It is good that you question the myths, rather than get all romantic about the NOTION of having Cherokee blood before you have any proof whatsoever. Once that pseudo-identity is internalized people will do the sloppiest research in genealogy to "make" someone "Cherokee" that wasn't. They want to "prove" this ancestry by any means necessary...so, they'll come up with all kinds of alternative "Cherokee" history of families hiding out and passing for white, etc.
But, you want real facts to help you do research? Consider this:
The Cherokee population just leading up to the Trail of Tears was about 17-18000 souls still in the east. That is a small population we are talking about. About 1/3 of the tribe had already moved west ahead of the forced roundups. The majority of Cherokees were living WITHIN THEIR OWN TERRITORY, or what was left of their remaining lands. Only a tiny fraction could be found outside of the Cherokee borders in the mid to late 1830s. These were mostly a few women (and particularly of mixed blood) living with their White/American spouses. This is the statistical and demographic reality.
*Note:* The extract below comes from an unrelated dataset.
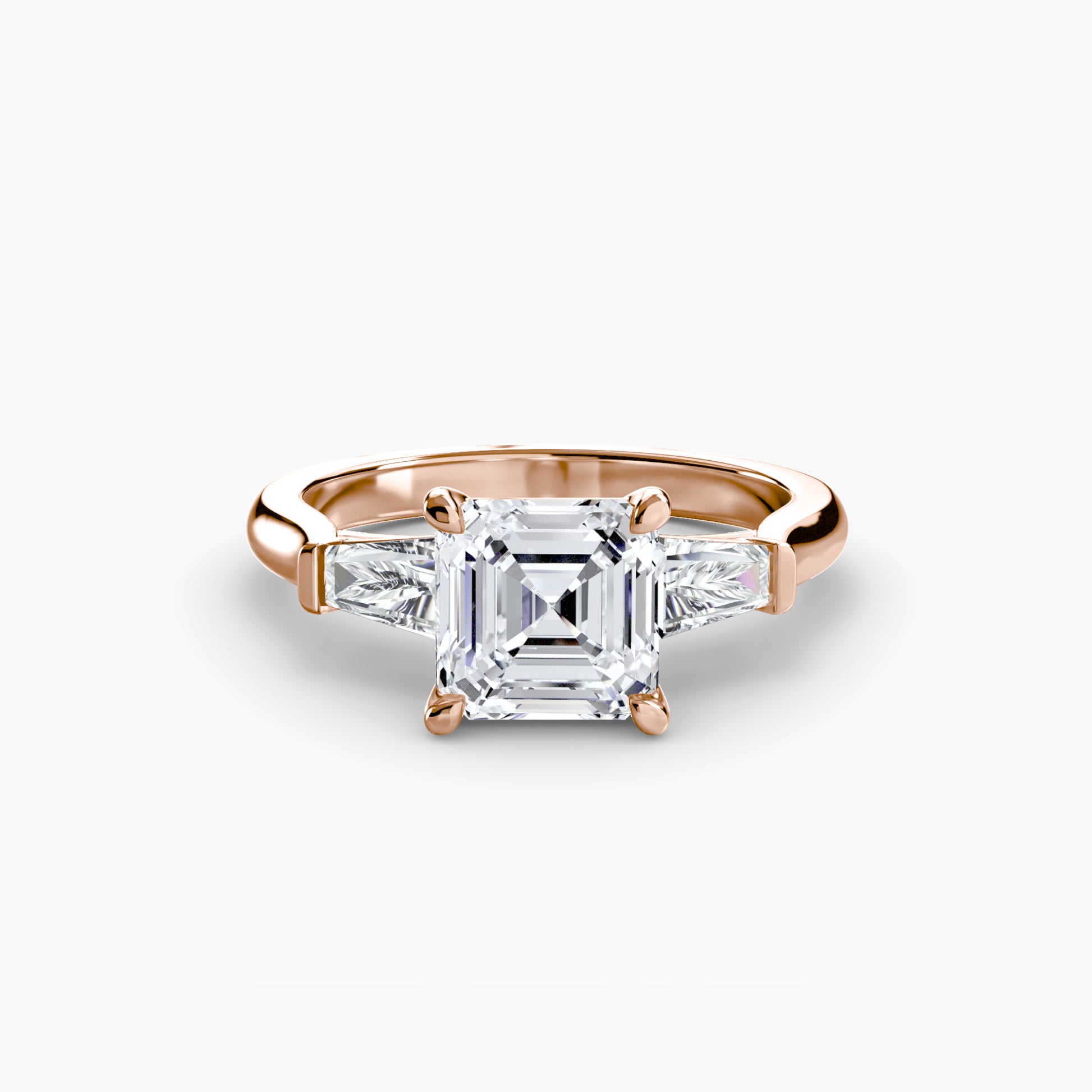 Bague trilogie (pierres latérales baguette)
But, here is the most important thing about trying to do research on "Cherokee ancestry" based on location or some kind of regional osmosis:
If you look at the traditional Cherokee settlement patterns, territorial claims, land cessions and the process of White settlement, you can plainly see that ALL of Kentucky was never really heavily settled by Cherokee. In fact, it WASN'T at all. There were no major villages there. Ever. It was more of a hunting ground and miltiary buffer zone between tribes. And it was also claimed by other tribal nations. It was just that the Cherokee were strong enough to claim it and defend it and eventually ceded it to Europeans. And they did this early in American history. Most of the lands in Kentucky were ceded by the Cherokee Nation right after Americans declared Independence in 1777, and the remaining sliver in south central part of the state was ceded to the Americans in 1806.
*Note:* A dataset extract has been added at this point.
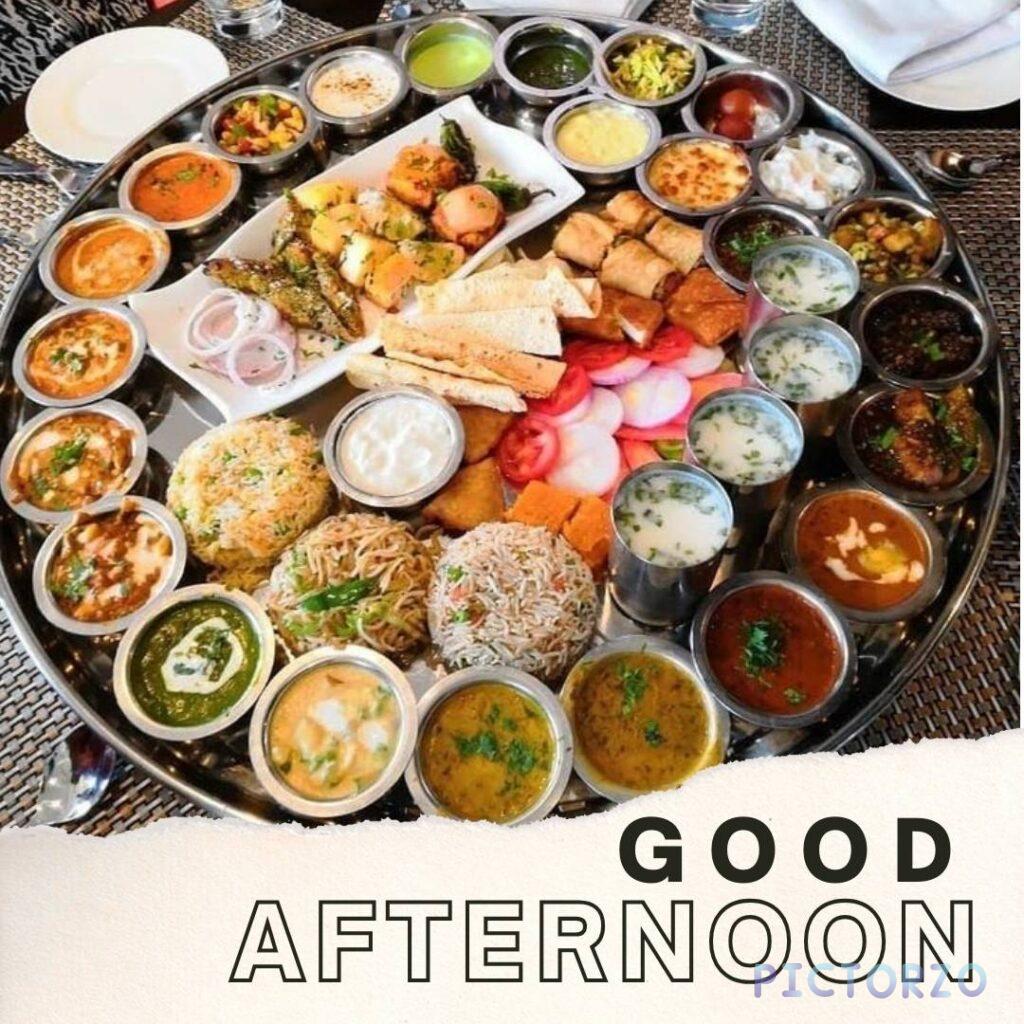 A good afternoon lunch image of a large Indian thali meal on a round metal tray. The thali includes a variety of vegetarian dishes, such as rice, dal, naan bread, and various curries. The text "GOOD AFTERNOON" is written in the center of the tray.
Once Cherokee ceded this territory, whites moved in, and the few Cherokee that may have been in that area had to moved out. There were not a bunch of Cherokees just hanging out in these lands. To claim that this is the case...well, it's just historically inaccurate. There were few Cherokees in KY before the 1777, and almost none after 1806. Any Cherokees that were living there were sojourning far away from their people, hundreds of miles away from the closest Cherokee communities and they would represent isolated aberrations. Of course, this doesn't exclude Cherokee or Native American war parties taking forays into formerly ceded territory. But, this led open warfare with White settlers. It wasn't as if Cherokee families weren't somehow trying to settle Kentucky after ceding this territory.
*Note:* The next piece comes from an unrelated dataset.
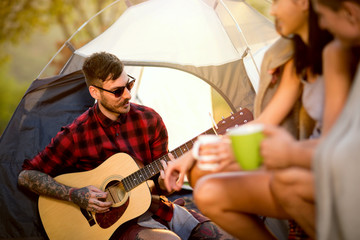 hipster man with guitar on camping trip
The majority of the Cherokee tribe moved west by 1840. The notion that there were "many" that stayed behind is the biggest fallacy in "Cherokee genealogy." No, there were a finite number of Cherokees that did this, and they also represented a minority of the main body. It was not "many," it was "a small number." People have to get some perspective on this when they are doing Cherokee genealogy. Most of the people that were able to stay behind made their way to the 1817 and 1819 allottment communities in extreme western NC, along the Econoluftee River. There were a few hundred families that stayed behind, not thousands.
The other group that stayed behind were some mixed bloods that were already married to non-Cherokee spouses. They were not large numbers and they are found on several rolls. They weren't "hiding out" because that was part of the terms of the removal treaty. They could choose to stay. They just had to forfeit their tribal affiliation and become American citizens. The Cherokees that didn't want to do that moved west or took to the area around Qualla. The few fullblood families that stayed in extreme SE TN eventually moved over to Qualla as well (in the early 1900s). There were no large numbers of Cherokees remaining in the southeast after 1840. Just some scattered families in their former territories and one intact community in western NC. That is it. A smattering of low blood Cherokee descendants could be found, but the only intact community in the east after 1840 was around Qualla. There were no communities in Kentucky. So, there could be no high degree of blood for people born in that state within the last few generations. They only way a "Kentuckian" can have any real Cherokee ancestry is if they can show an ancestor came from hundred of miles south and were from real, recognized Cherokee families.